Don't ever lose your keys again

Have you seen one of these before?

It's called a caribiner and mountain climbers used them to make the ropes keep them on the mountain. I use mine to stop my stomach from plummetting to my feet when I reach my car door with a cart full of groceries and can't find my keys.

This little baby has a ring on one side and then a mountain climbing clip on the other side that opens on a spring and attaches easily to pretty much anything. Voila--your keys stay put. I clip my caribiner onto the strap of my diaper bag. or my stroller, or even my belt loop. Fashionable, I know, but I'd much rather look like a dork than be locked out of my house. (And just because it happened once doesn't mean my WFMW isn't valid. Today was a fluke, people.)
Updated to add: I got mine at DollarTree.

I'm flighty and decided to start blogging again

I'm not going to bore you with the details of "we went here and did this" for the last months of my life that I haven't been writing about. Well, that I have been writing about, but not posting about because all the writing seems to be in my head and I can't seem to get things down to my fingers and onto the computer screen.

Suffice it to say that we've moved out of our in laws house again with the solemn promise that We. Will. Never. Move. Back. In. (And you all are in charge of holding me to that promise when I'm facing a studio apartment with a 900 dollar a month price tag).

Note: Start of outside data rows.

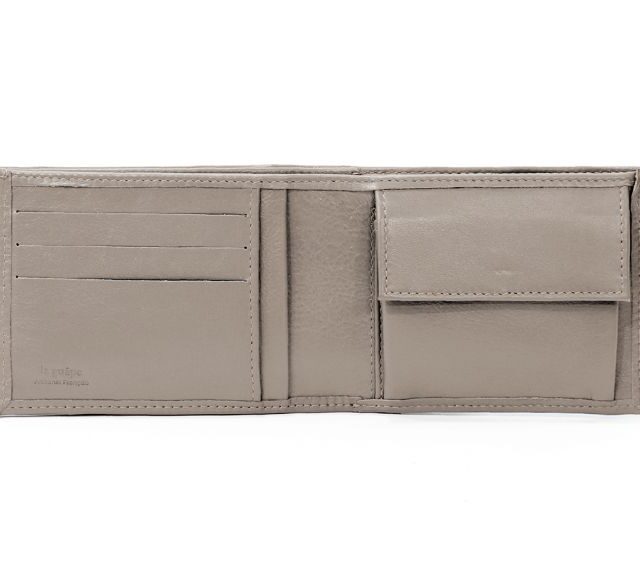 La Guêpe - Petite Maroquinerie - Portefeuille à l'italienne en cuir - taupe - 007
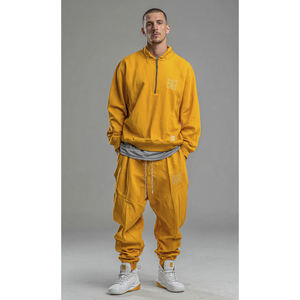 Ensemble sweat-shirt à col montant zippé et pantalon de jogging ample pour homme, streetwear d'hiver, survêtement en molleton, molleton ample pour homme - Product Image 1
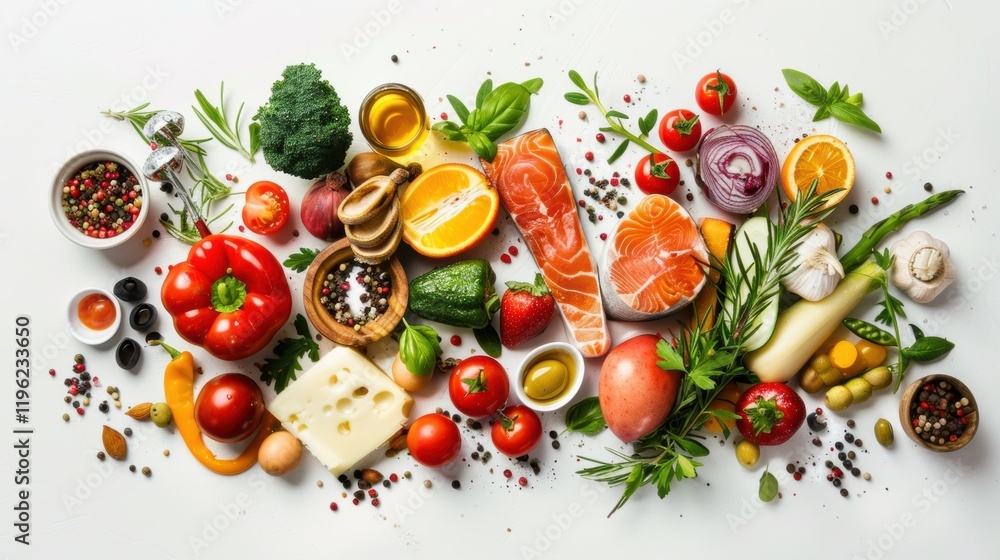 An array of fresh vegetables, fruits, fish, and herbs spread out on a white background An array of fresh vegetables, fruits, fish, and herbs spread out on a white background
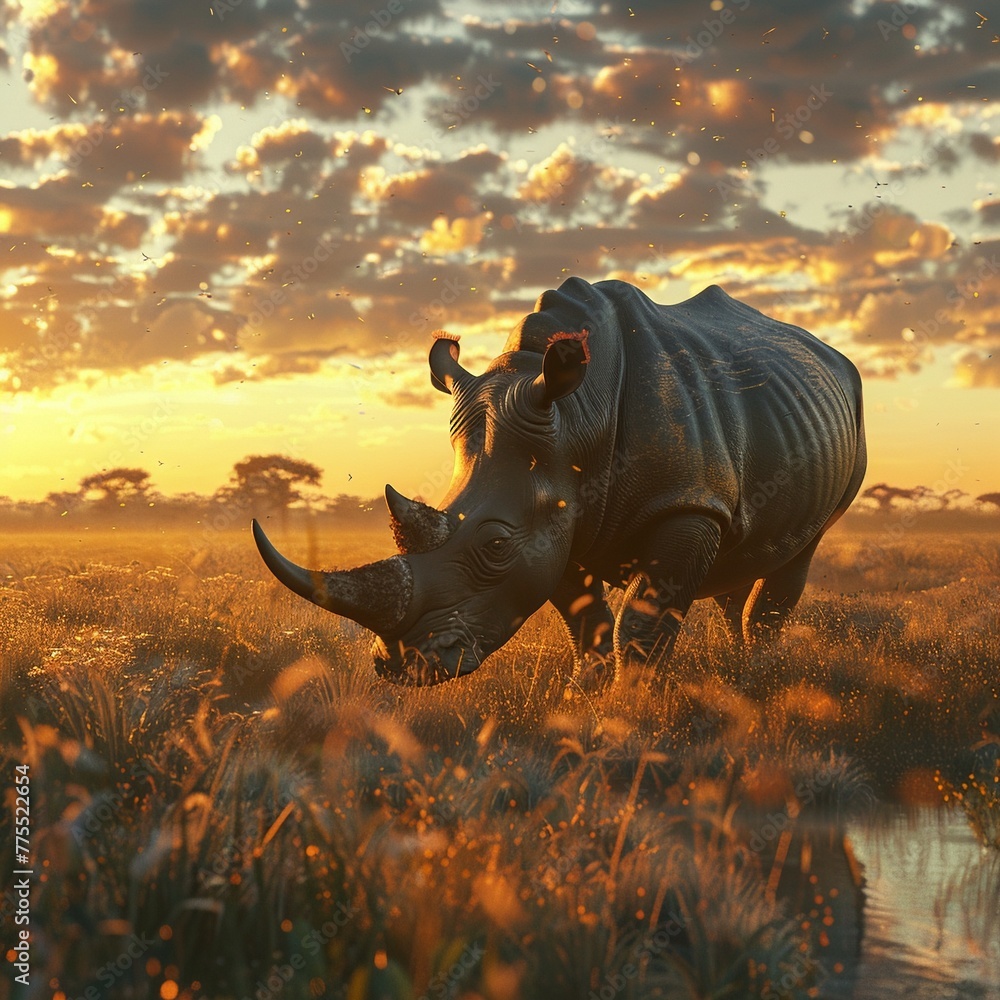 Fototapeta premium Photorealistic image of a lone rhino, wild savannah setting, illuminated by natural light ,3DCG,high resulution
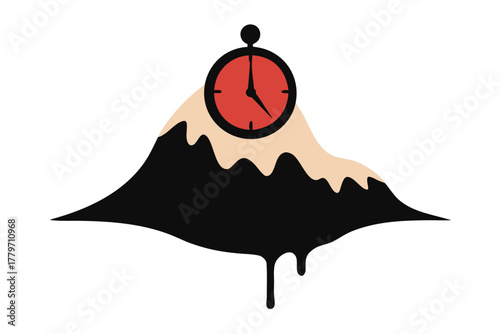 Melting clock on peak top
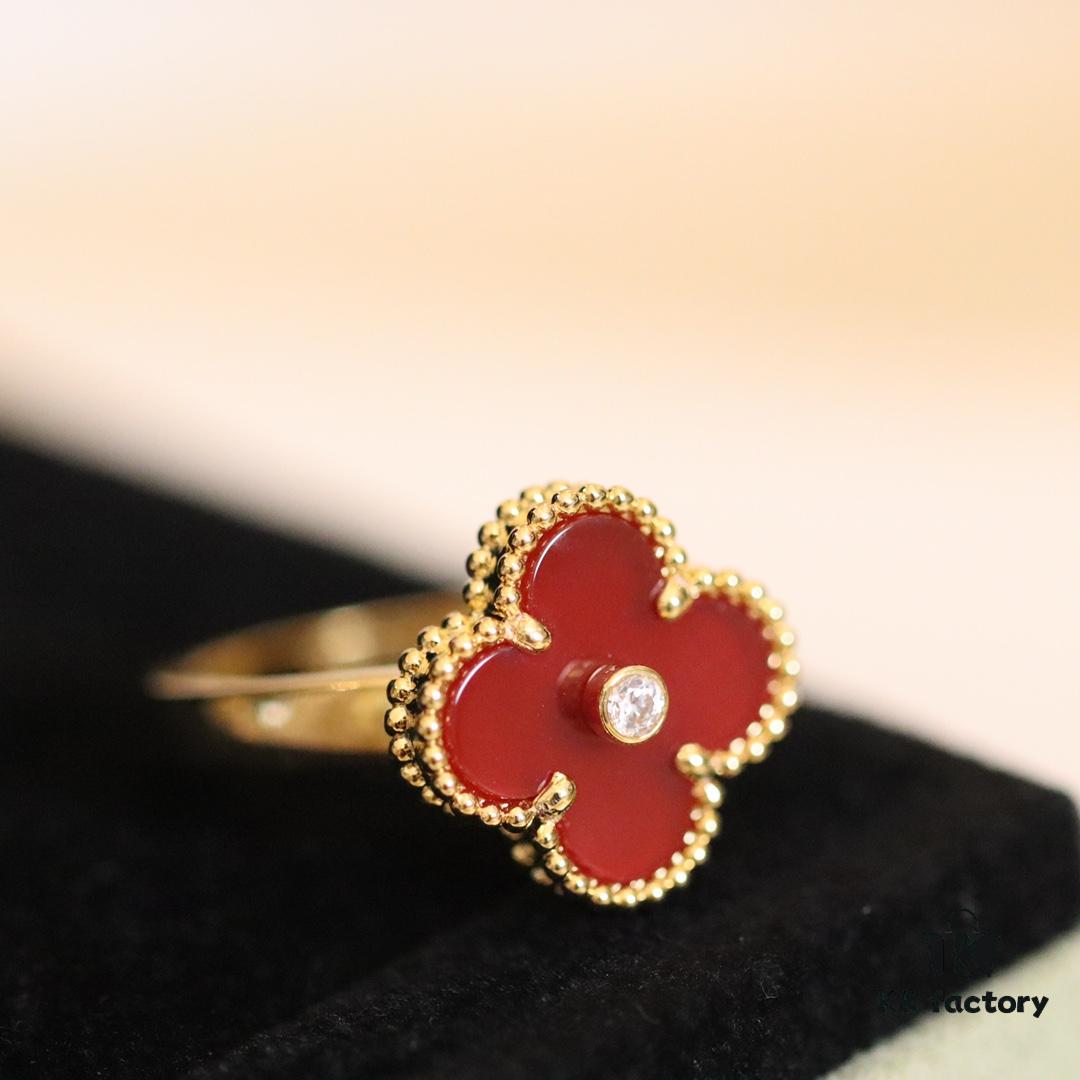 In Stock Now! VC@ Clover Diamond Ring with Red Carnelian, Malachite, Black Onyx, and White Mother of Pearl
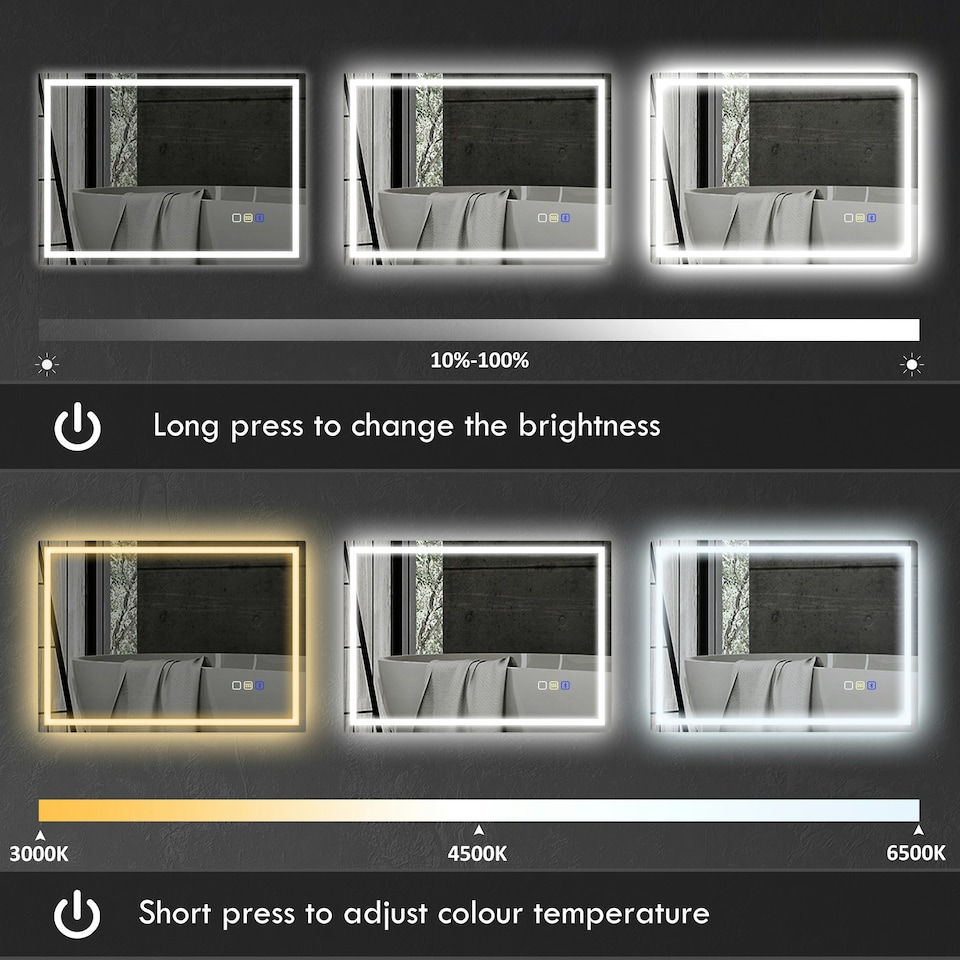 image 1 of HOMCOM 600 x 800 mm Bathroom Mirror with Bluetooth Lights Demister Pad Silver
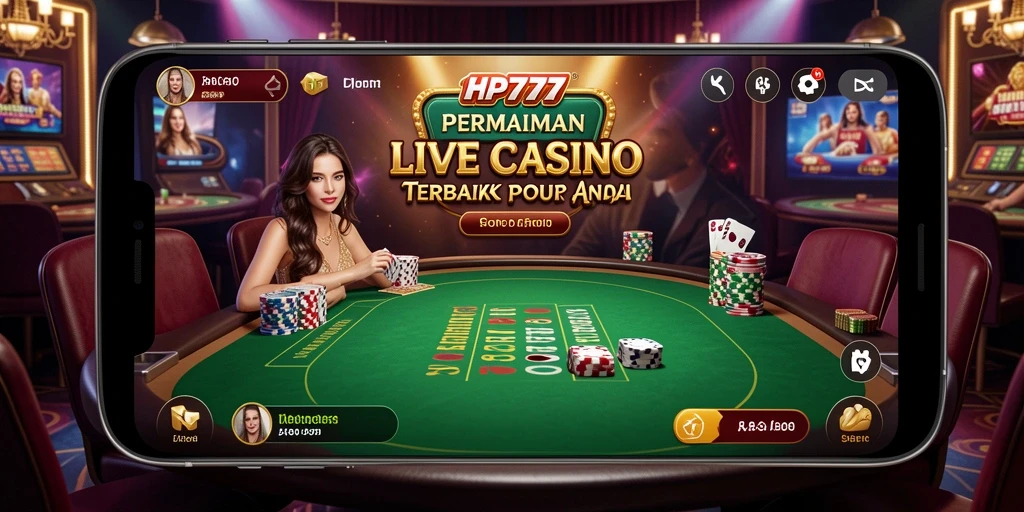 Screenshot HP777 menampilkan dealer langsung dan meja permainan Live Casino.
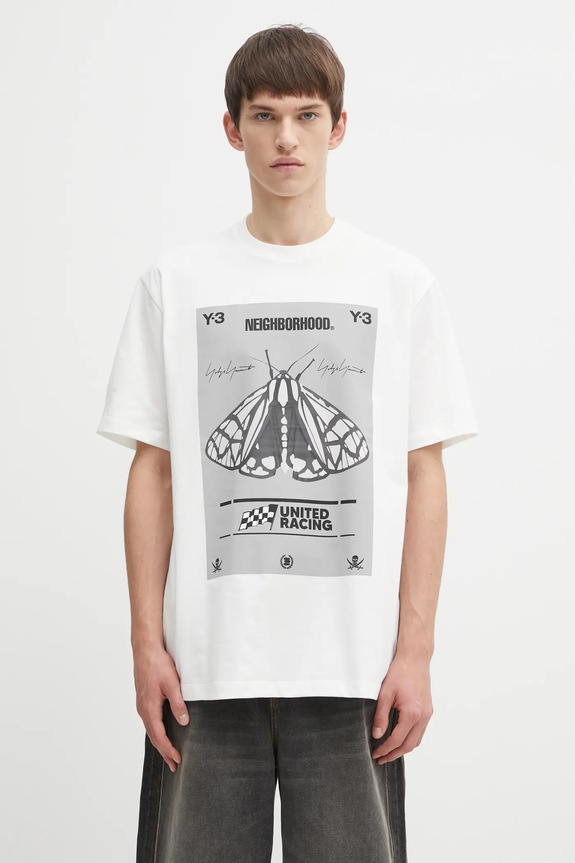 Хлопковая футболка Y-3 x Neighborhood Graphic печать белый JX7437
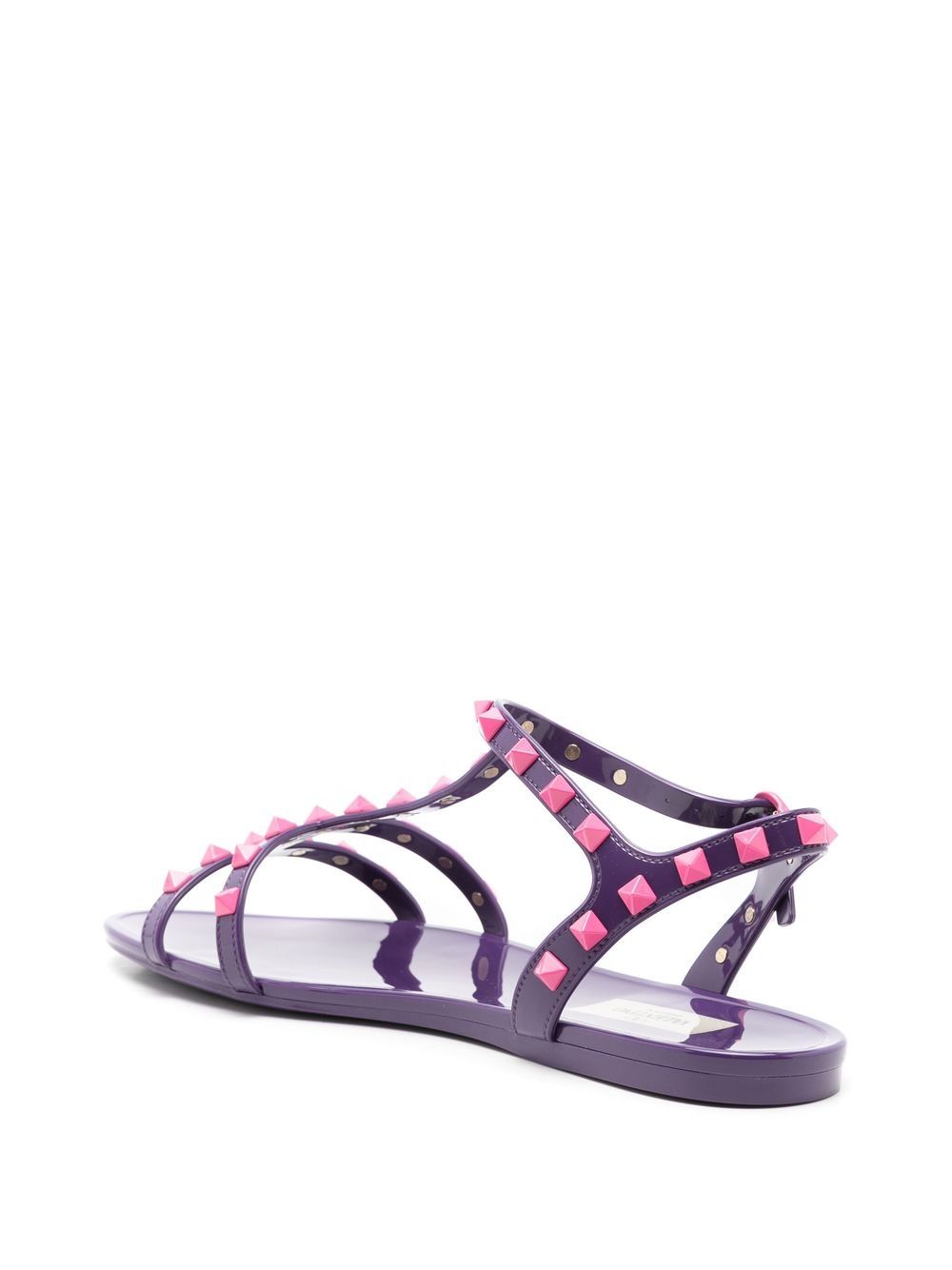 Valentino Garavani Rockstud-embellished flat sandals Purple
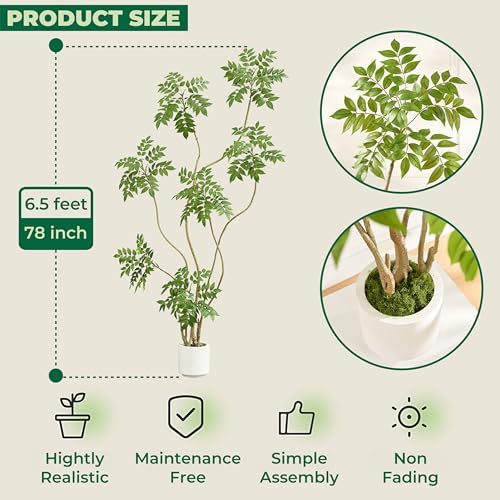 FloraFairy 6.5FT Artificial Sumac Tree in White Pot, Indoor Faux Plants - Image 4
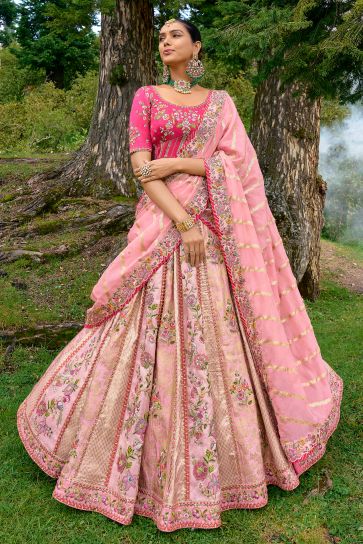Silk Fabric Pink Color Wedding Wear 3 Piece Lehenga Choli With Embroidery Work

And I locked all three of us out of the house for the first time since I was thirteen. Luckily we were all together and it was a beautiful day. So the girls and I wandered through neighborhood, waving at neighbors who remember us but (and I do think this is rude) continued to have their own lives while we were gone. And (now this is the really rude part) most of them kind of forgot about us. Which hurts.

I thought that moving back would solve all my problems. But things are about the same. And I still have most of the songs from Charlotte's Web running through my mind on constant repeat. But, at least Tim could come home and unlock the front door for me. And my mother-in-law doesn't have to give me the look that says "Are you really old enough to have children, dear? Keys are so easy to keep track of."